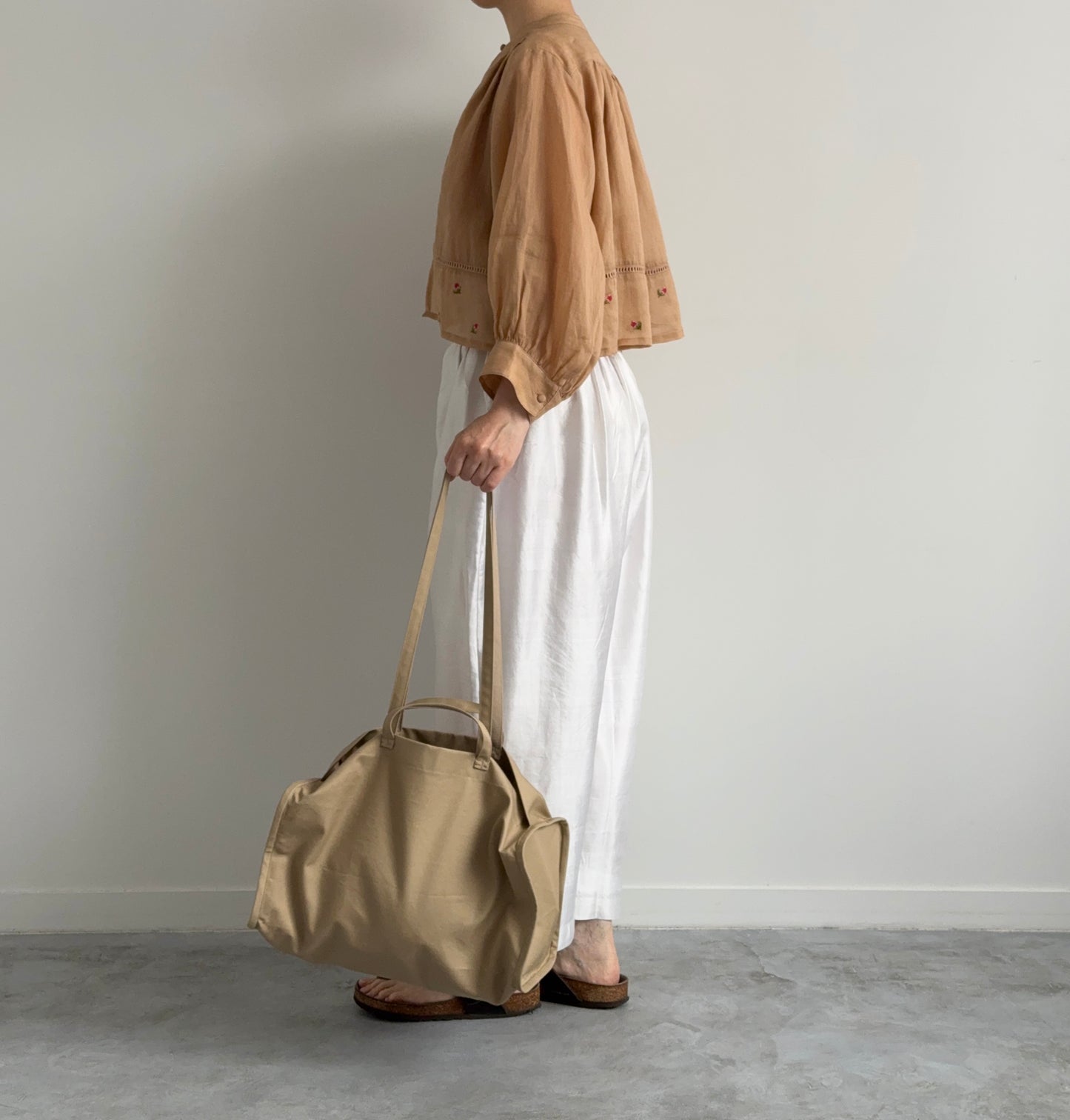 VENTILE BOSTON BAG (SMALL) TENNE HANDCRAFTED MODERN バッグ 通販 取扱店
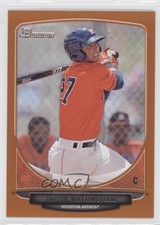 2013 Bowman Draft Draft Picks Orange 74/250 Jacob Nottingham #BDPP61 0p8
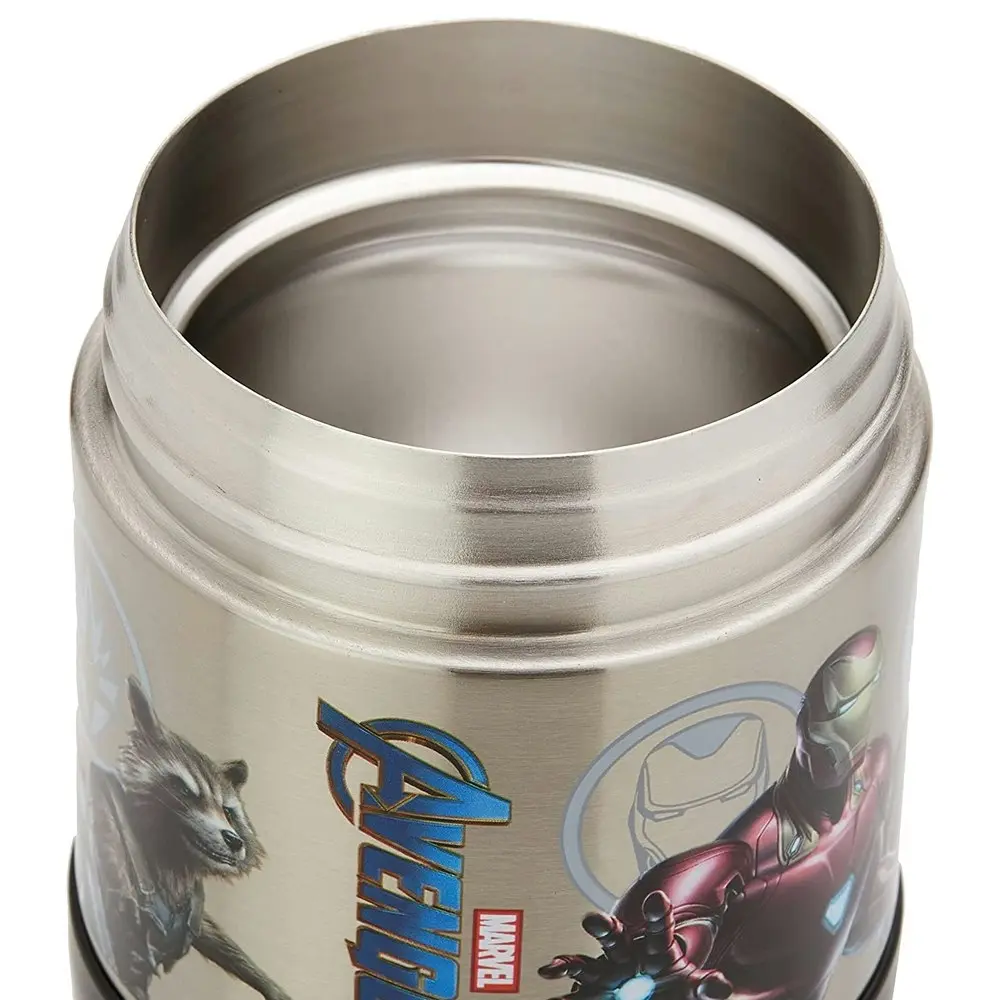 Thermos 290ml Funtainer Vacuum Insulated Food Storage Jar Marvel Avengers SS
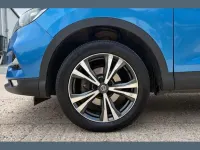 Used Nissan Qashqai N-Connecta 108 HP (79 kW) 2017 Blue SUV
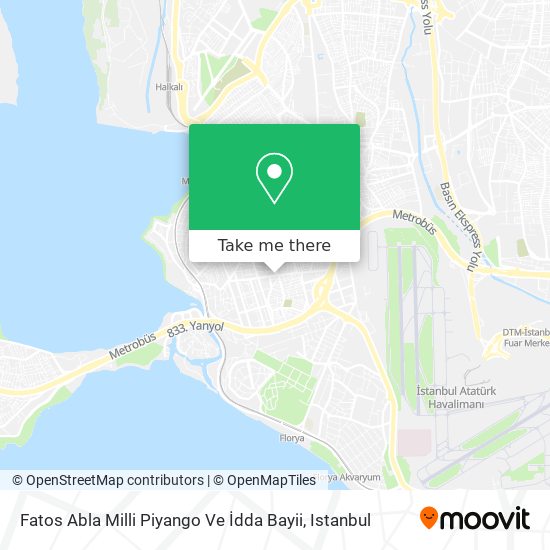 Fatos Abla Milli Piyango Ve İdda Bayii map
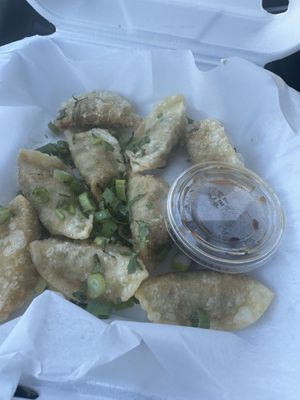 Veggie Potstickers   at Pho Fresh in Rancho Cordova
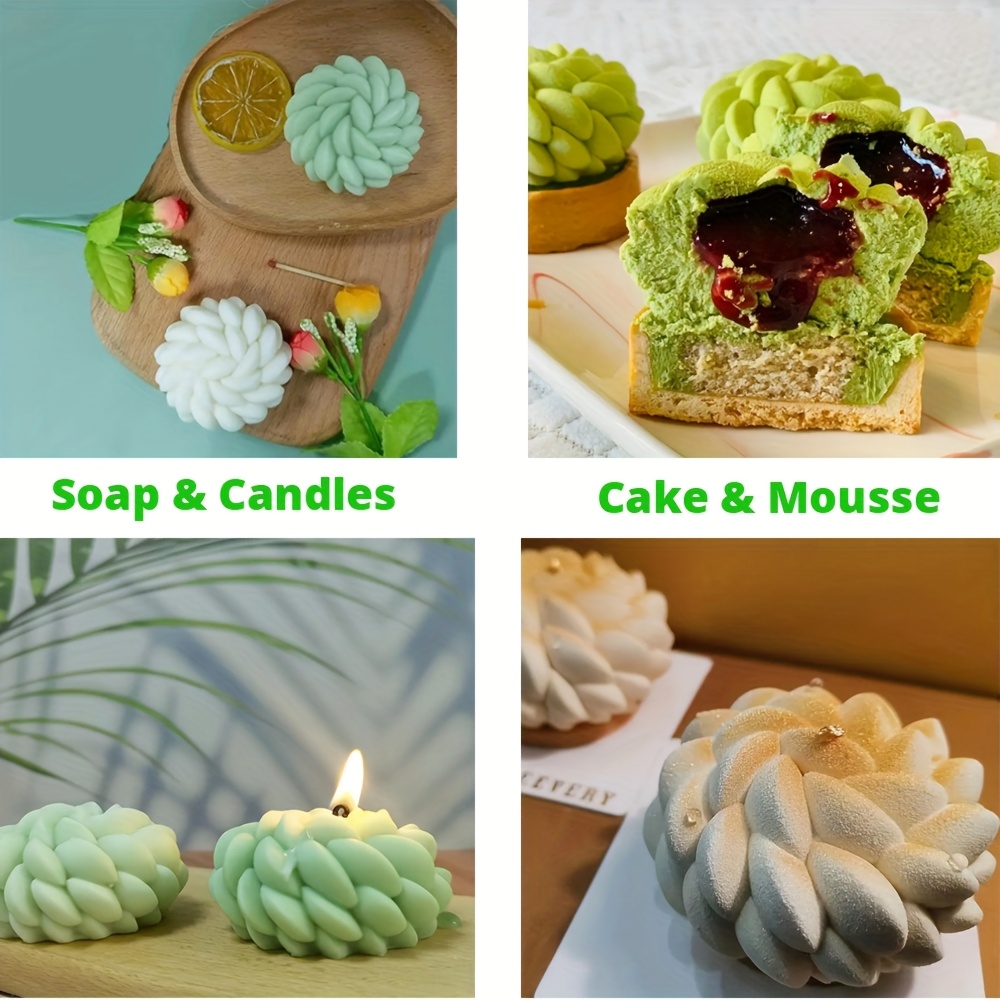 1 Cakevorm Santa Ana Floral -  - Quality Soap Making Kit recensie en prijs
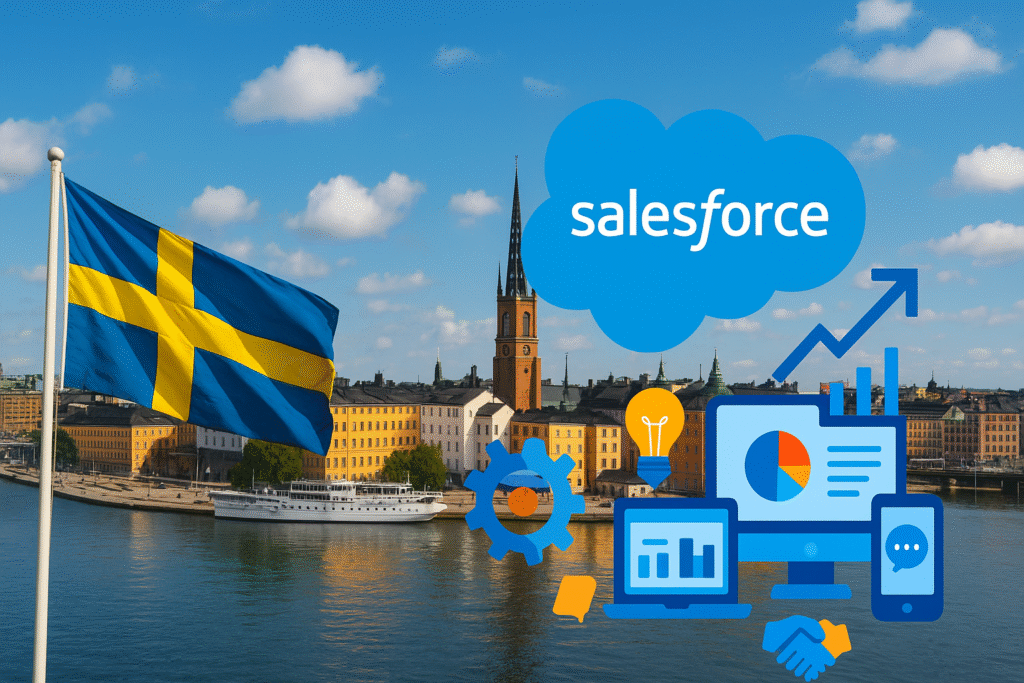 Salesforce in Sweden: 2025-26 Digital Transformation with CRM 1 Salesforce in Sweden: 2025-26 Digital Transformation with CRM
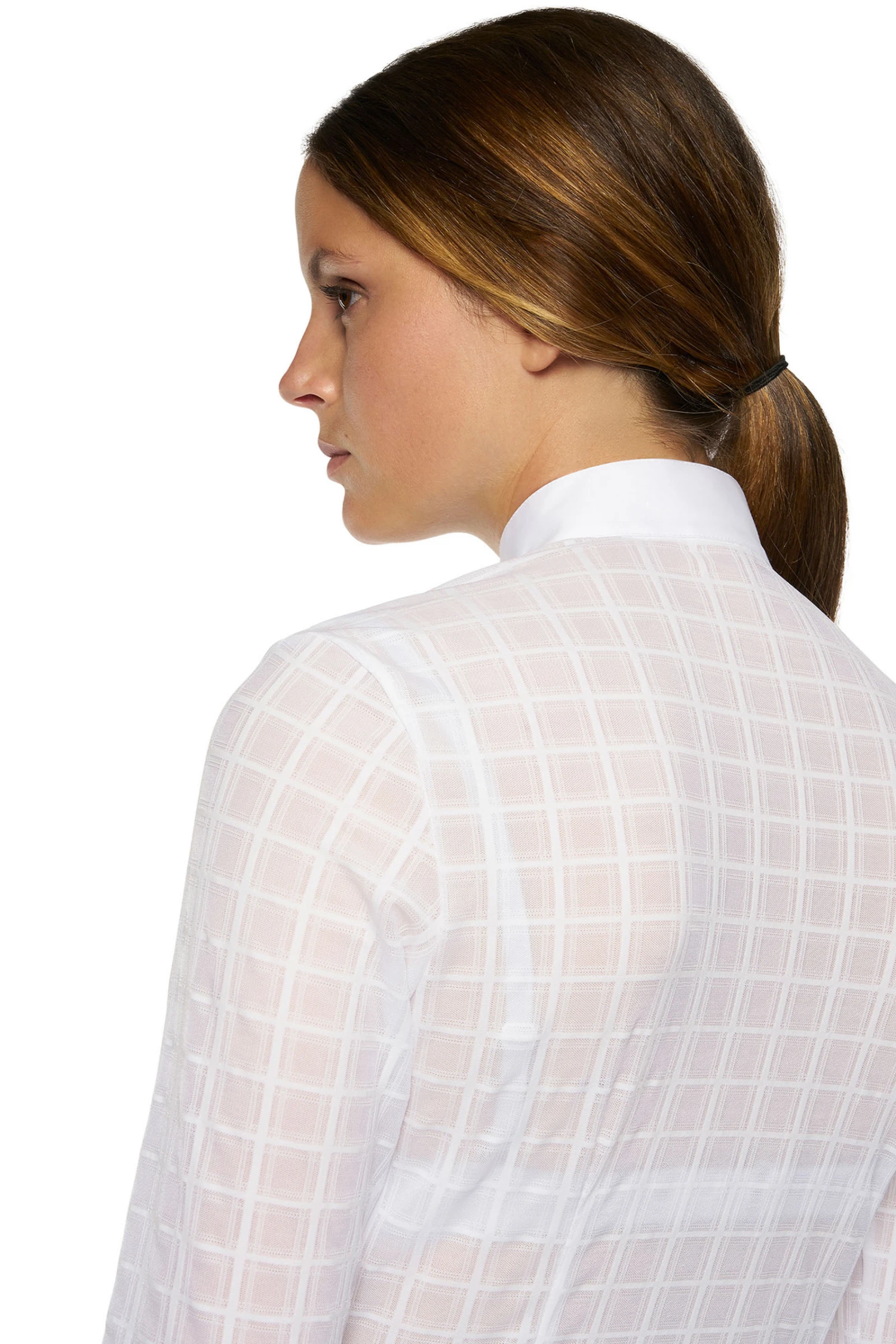 Cavalleria Toscana Pleated Women's Longsleeve Competition Polo - Image 11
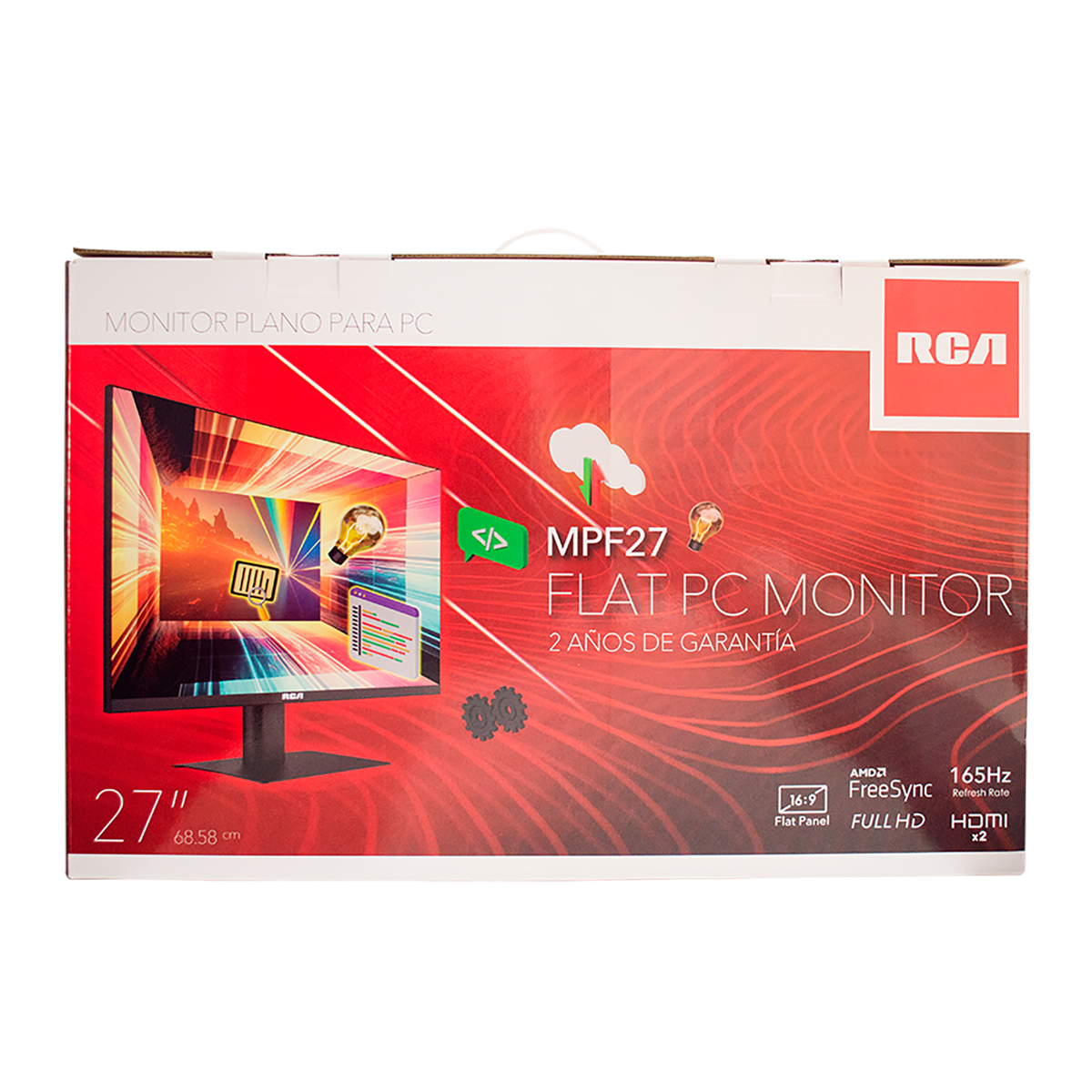 Monitor RCA Flat 27" FHD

WHAT NEEDS TO BE DONE ▸ For each entry, copy the text exactly and leave out any image it carries.

SOLUTION TO THE PROBLEM ▸
 VENTILE BOSTON BAG (SMALL) TENNE HANDCRAFTED MODERN バッグ 通販 取扱店
 2013 Bowman Draft Draft Picks Orange 74/250 Jacob Nottingham #BDPP61 0p8
 Thermos 290ml Funtainer Vacuum Insulated Food Storage Jar Marvel Avengers SS
 Used Nissan Qashqai N-Connecta 108 HP (79 kW) 2017 Blue SUV
 Fatos Abla Milli Piyango Ve İdda Bayii map
 Veggie Potstickers   at Pho Fresh in Rancho Cordova
 1 Cakevorm Santa Ana Floral -  - Quality Soap Making Kit recensie en prijs
 Salesforce in Sweden: 2025-26 Digital Transformation with CRM 1 Salesforce in Sweden: 2025-26 Digital Transformation with CRM
 Cavalleria Toscana Pleated Women's Longsleeve Competition Polo - Image 11
 Monitor RCA Flat 27" FHD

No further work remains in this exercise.